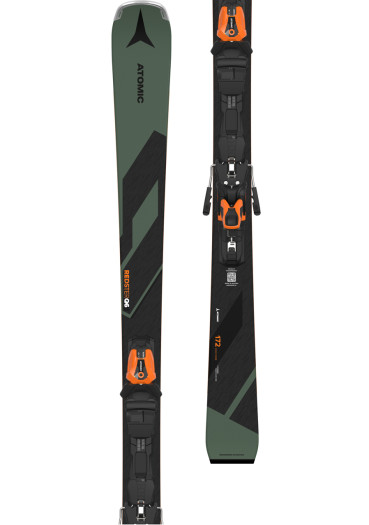 detail Zjazdové lyže Atomic REDSTER Q6 + MI 12 GW Green/BL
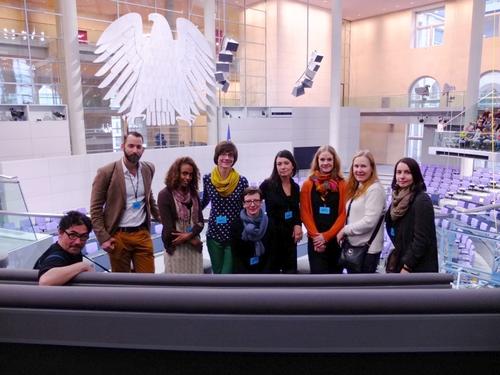 19. Oktober 2015 - Besuch im Deutschen Bundestag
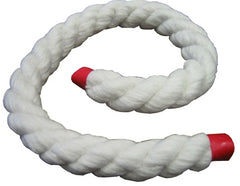 Crown Engineering 12FR15 TWISTED ROPE 1/2" X 15' L / 2300 DEG. F | Midwest Supply Us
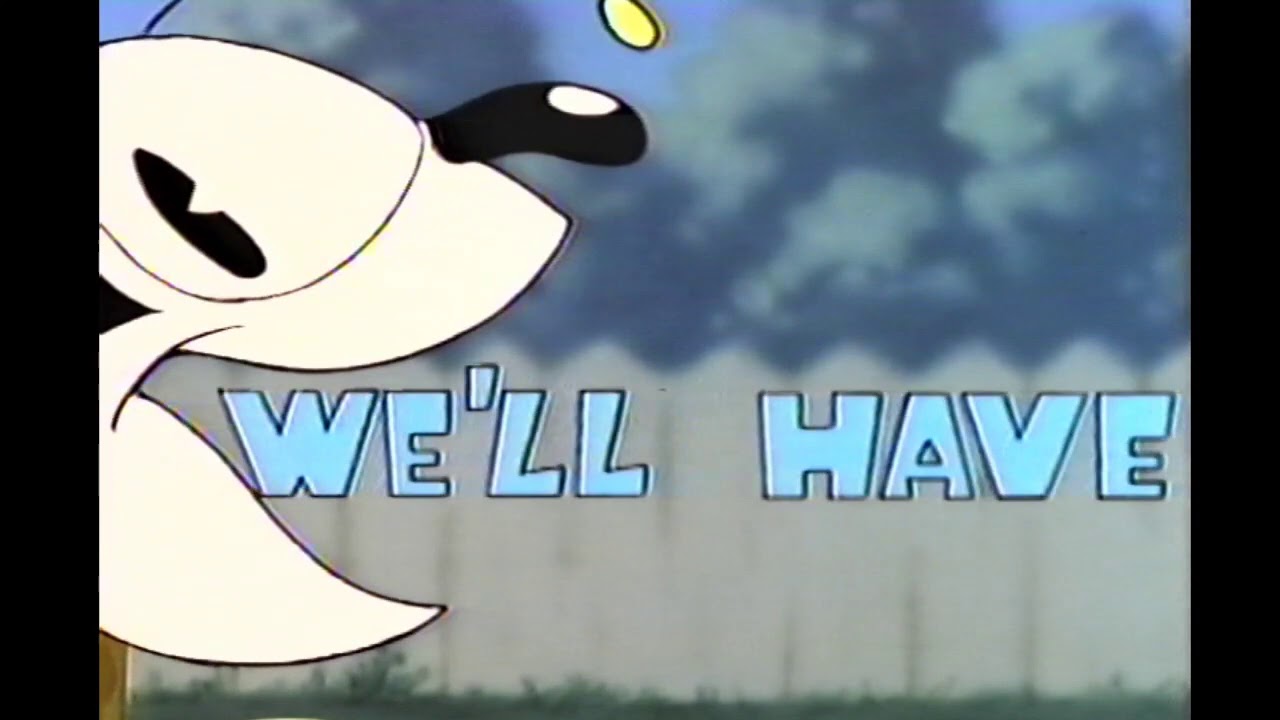 Damaged VHS Tape: Disney's SAS The Bare Necessities 1994 VHS (Part 4) Final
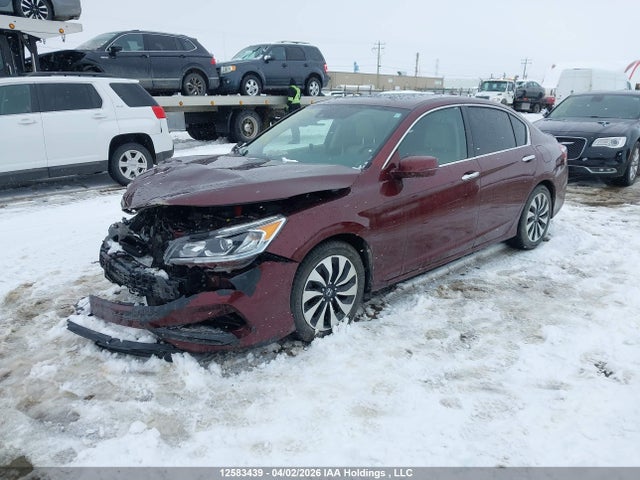 JHMCR6F53HC012211 Honda Accord Hybrid Ex-l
|---|
> _Exercise objective_
Reproduce each line of the records exactly and exclude any images.

> _Written solution_
 detail Zjazdové lyže Atomic REDSTER Q6 + MI 12 GW Green/BL
 19. Oktober 2015 - Besuch im Deutschen Bundestag
 Crown Engineering 12FR15 TWISTED ROPE 1/2" X 15' L / 2300 DEG. F | Midwest Supply Us
 Damaged VHS Tape: Disney's SAS The Bare Necessities 1994 VHS (Part 4) Final
 JHMCR6F53HC012211 Honda Accord Hybrid Ex-l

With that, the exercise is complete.